Hash Algorithm Reference
| Algorithm | Output Length | Security Status | Common Use |
| SHA-256 | 256 bits / 64 hex chars | ✅ Secure | Checksums, TLS, Bitcoin |
| SHA-512 | 512 bits / 128 hex chars | ✅ Secure | High-security checksums |
| SHA-384 | 384 bits / 96 hex chars | ✅ Secure | TLS certificates |
| SHA-1 | 160 bits / 40 hex chars | ⚠ Deprecated | Legacy file checksums only |
| MD5 | 128 bits / 32 hex chars | ❌ Broken | Non-security checksums only |
Frequently Asked Questions
Why is MD5 not available?
MD5 is cryptographically broken — collision attacks are trivially feasible on modern hardware. The browser's Web Crypto API does not expose MD5 for this reason. For file integrity checks, SHA-256 is the modern standard.
Can I hash binary files?
Yes. Use the File Hash section above. The file is read as an ArrayBuffer and hashed directly — no text encoding issues. This is identical to running sha256sum on the command line.
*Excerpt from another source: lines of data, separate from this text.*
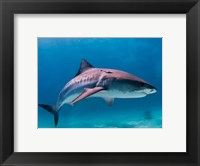Framed Tiger Shark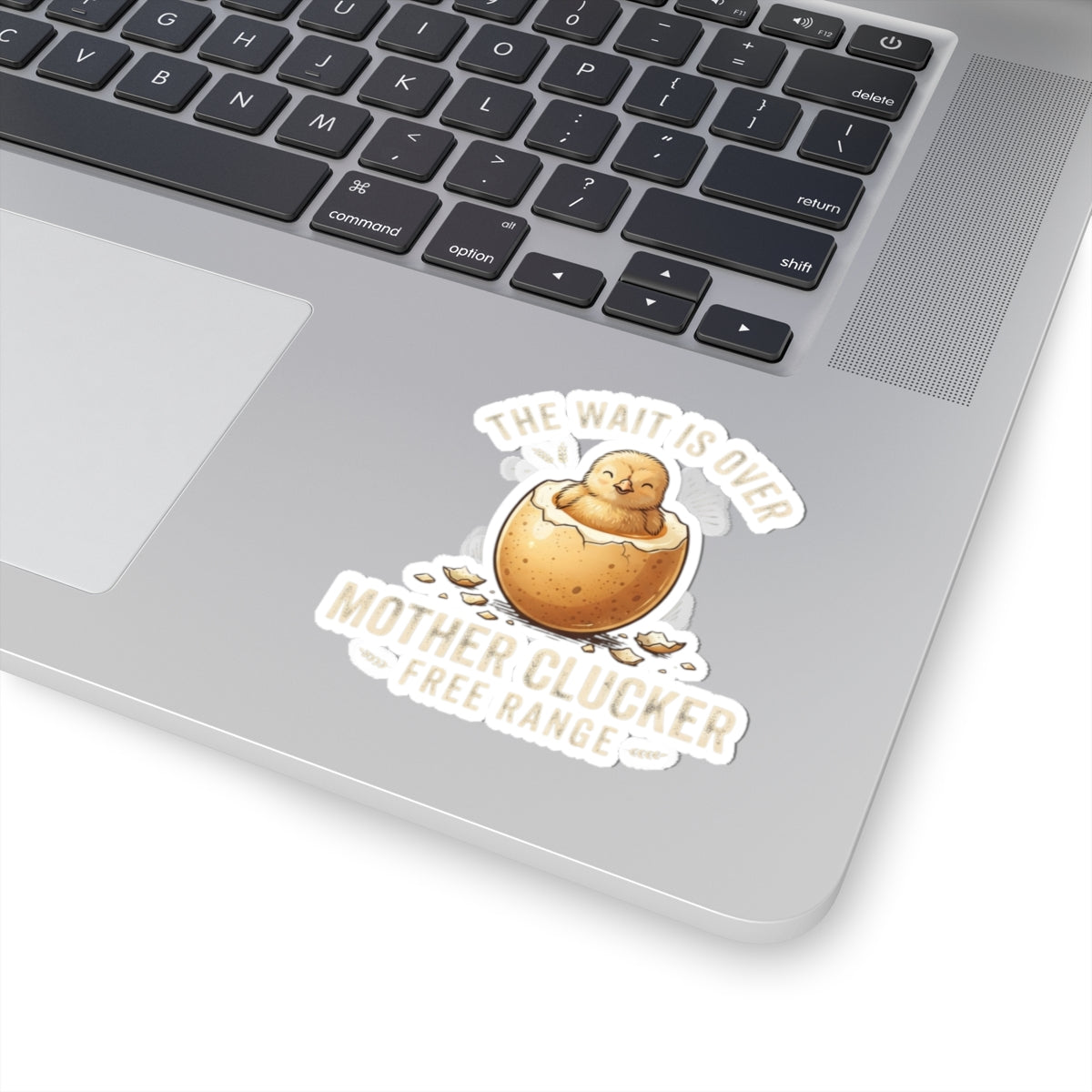 "The Wait is Over" Sticker — Main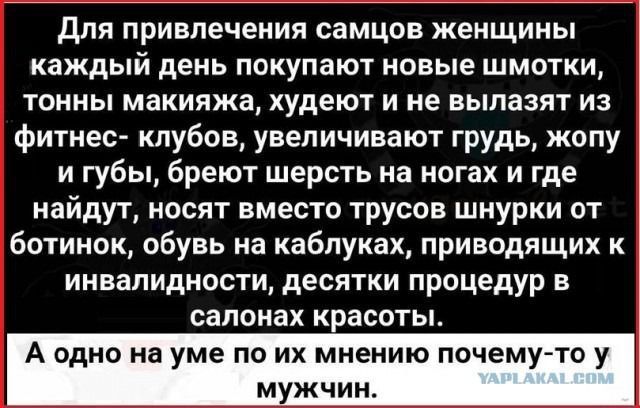 Для привлечения самцов женщины каждый день покупают новые шмотки тонны макияжа худеют и не вылазят из фитнес клубов увеличивают грудь жопу и губы бреют шерсть на ногах и где найдут носят вместо трусов шнурки от ботинок обувь на каблуках приводящих к инвалидности десятки процедур в салонах красот А одно на уме по их мнению почем мужчин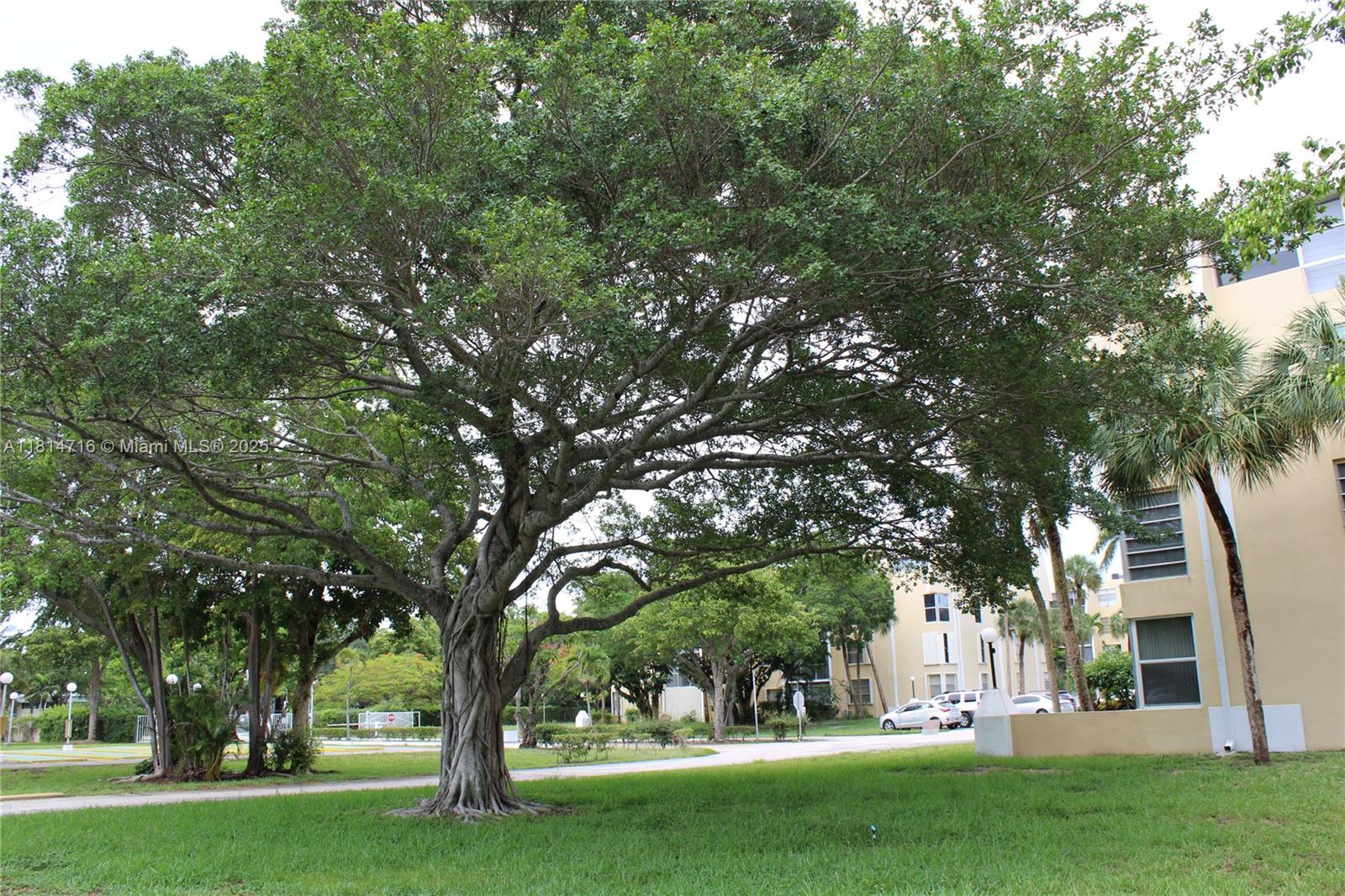 LAKE PARK CONDO NO 1 - BL - Residential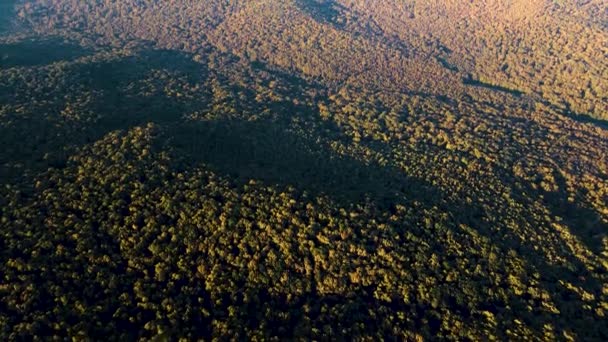 Vista de cima para baixo da floresta de outono, queda floresta aérea tiro. — Vídeo de Stock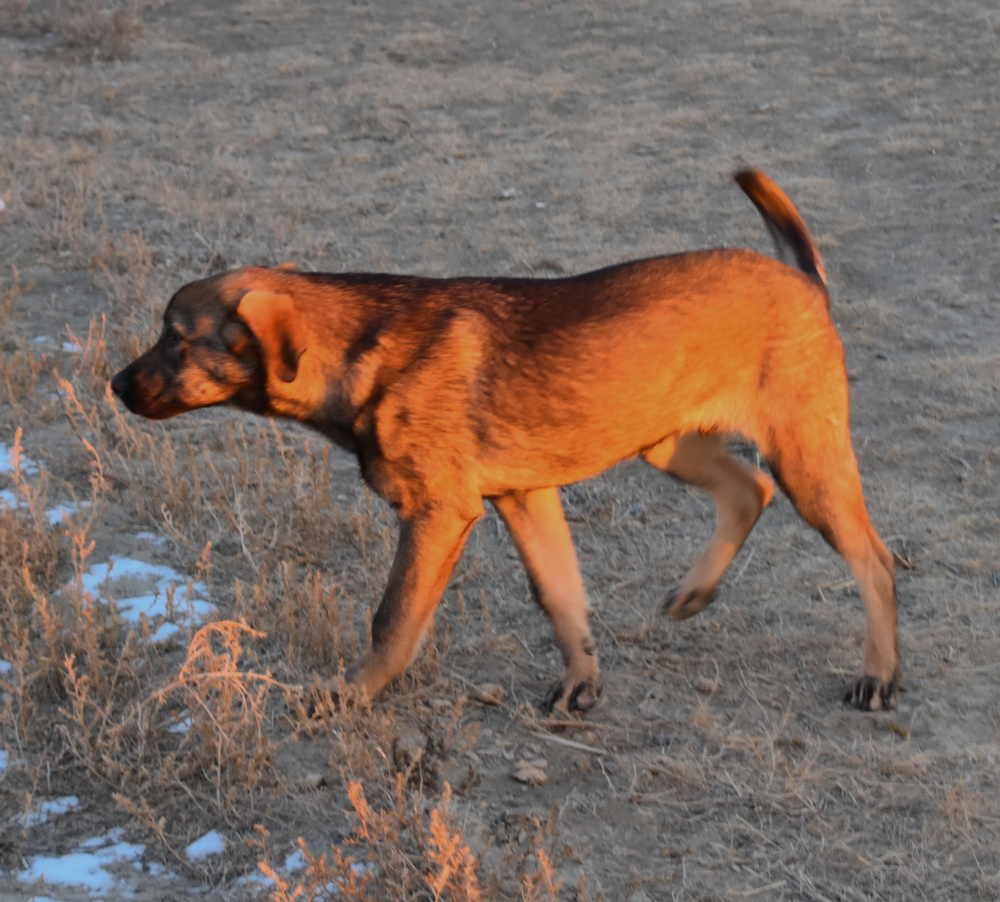 Mopsie, an adoptable German Shepherd Dog in Dodson, MT, 59524 | Photo Image 3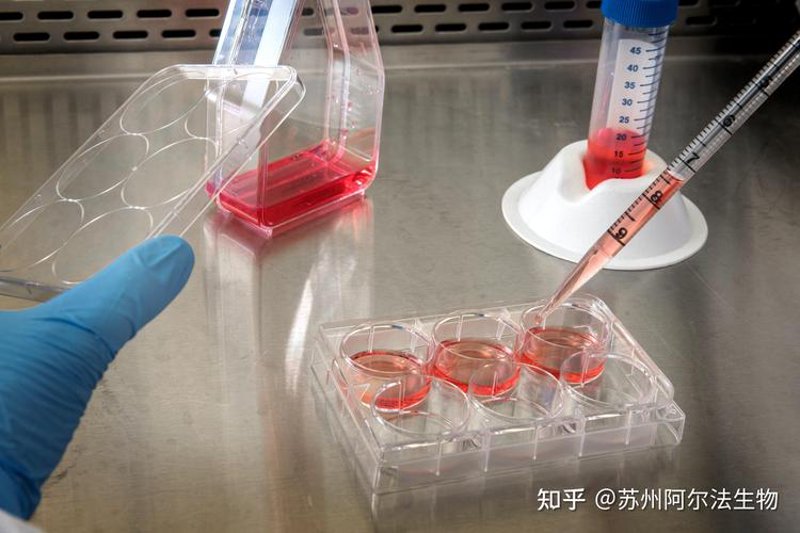 基因工程:开启生物科技新篇章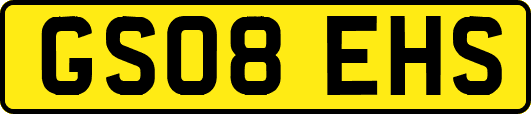 GS08EHS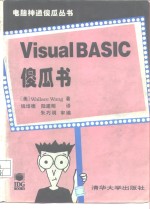 Visual BASIC傻瓜书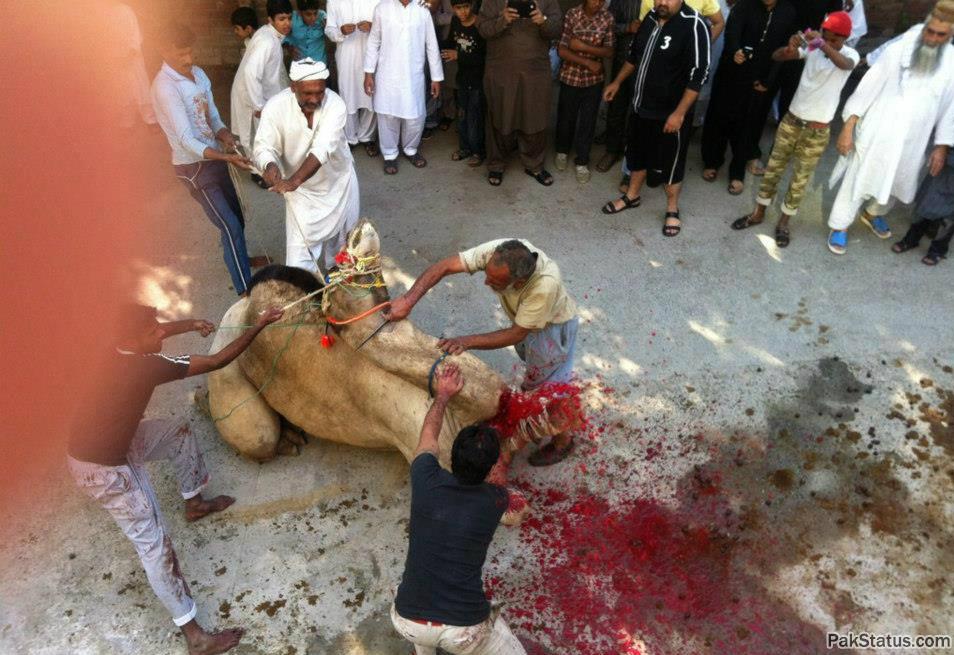 Eid Ul Adha Animals Pictures Videos Of Dailymotion Pak Status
Is this tool suitable for password hashing?
No. SHA-256 and similar fast hashes are unsuitable for password storage because they can be brute-forced at billions of hashes per second on GPUs. Use bcrypt, Argon2, or scrypt for passwords — these are designed to be slow and are not available in browser JS for good reason.